However, SLBs are subject to special conditions and additional reporting requirements on the part of the bond issuer. For the SLBs, it is not necessary for the loan proceeds to be used for green, social or sustainable projects. Instead, the issuer is obliged to set key performance indicators, sustainability performance targets (SPTs), and sustainability performance obligations. The fixed interest rate may be adjusted, either decreased or increased, depending on the progress made towards achieving the SPTs. In certain cases, the bond issuer may commit to purchase carbon credit offsets in an agreed minimum purchase amount on the due date of each loan instalment if it fails to achieve the SPTs. Additionally, SLB issuers are required to disclose and submit progress reports on their sustainability performance and, in the case of a public offering and high-net-worth offering, appoint an external third-party reviewer to evaluate and provide an opinion on the SLB framework.
Thailand Taxonomy
Although Thailand’s Taxonomy is voluntary and non-binding, it serves as a guideline for financial institutions and other private-sector participants in classifying business activities according to sustainability objectives, allows stakeholders to assess investment risks and encourages sustainable projects and investments. The Thailand Taxonomy was initially developed by the Working Group on Sustainable Finance led by the BOT and the SEC, with participation from the Fiscal Policy Office, the OIC and the SET, to promote sustainable projects and improve the green financing landscape within Thailand.
In the context of financial services, businesses engaged in projects labelled as “green” may receive more favourable financing terms and conditions, potentially including more favourable interest rates due to the lower financing risk exposure of the lenders.
BOT’s Policy on Environmental Risk Governance of Financial Institutions (the “BOT Eco Policy”)
The BOT has issued a supervisory policy to integrate environmental and climate risks into the governance, strategy, risk management and disclosures of financial institutions to support Thailand’s transition to a low‑carbon, sustainable economy. Under this guideline, the BOT encourages boards of directors of financial institutions to establish specific strategies, risk assessments and key policies on environmental and climate change matters. Senior management is also expected to implement these policies, allocate resources, monitor progress, and report to the board of directors on a regular basis.
Key aspects of the BOT Eco Policy are to align financial institutions’ investments policies under the supervision of the BOT with market standards or international principles (ie, UN Principles for Responsible Banking and Equator Principles) and ensure transparent and sustainable disclosure in accordance with acceptable or international standards, such as the Task Force on Climate-Related Financial Disclosure (TCFD) and the International Sustainability Standards Board (ISSB). Although the BOT Eco Policy is not legally binding, the BOT has been monitoring financial institutions’ policies since 2024 with a view to strengthening governance standards at the management level.
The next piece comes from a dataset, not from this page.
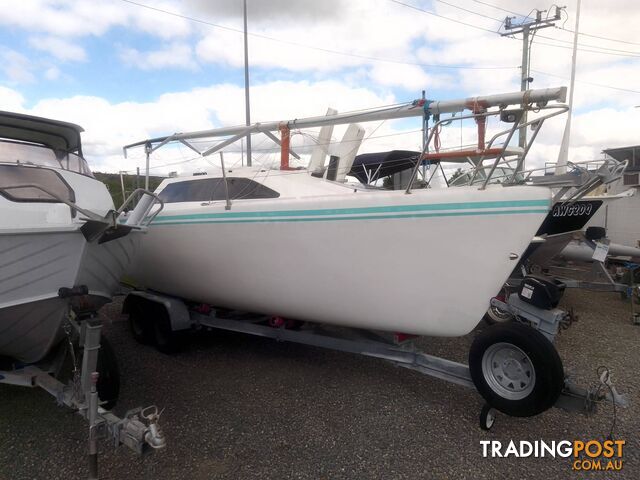 BLAZER 740 TRAILER SAILOR 7.4M SAIL BOAT -15HP YAMAHA 2 STROKE OUTBOARD AND TRAILER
The BOT has taken a leading role in setting formal expectations for the responsible use of artificial intelligence (AI) within the Thai financial sector. On 12 September 2025, the BOT issued its Policy Framework on AI System Risk Management, the first official guidance specifically addressing AI governance, risk management and customer protection for regulated financial institutions and payment service providers.
The Policy applies to all institutions supervised under the FIBA and the Payment Services Act (the “PSA Act”), covering both internally developed and third-party AI systems. It requires regulated entities to adopt comprehensive risk-management practices across the entire AI life cycle, from data collection and model development to deployment and monitoring, and to align their internal frameworks with internationally recognised “responsible-AI” principles such as Fairness, Ethics, Accountability and Transparency (FEAT).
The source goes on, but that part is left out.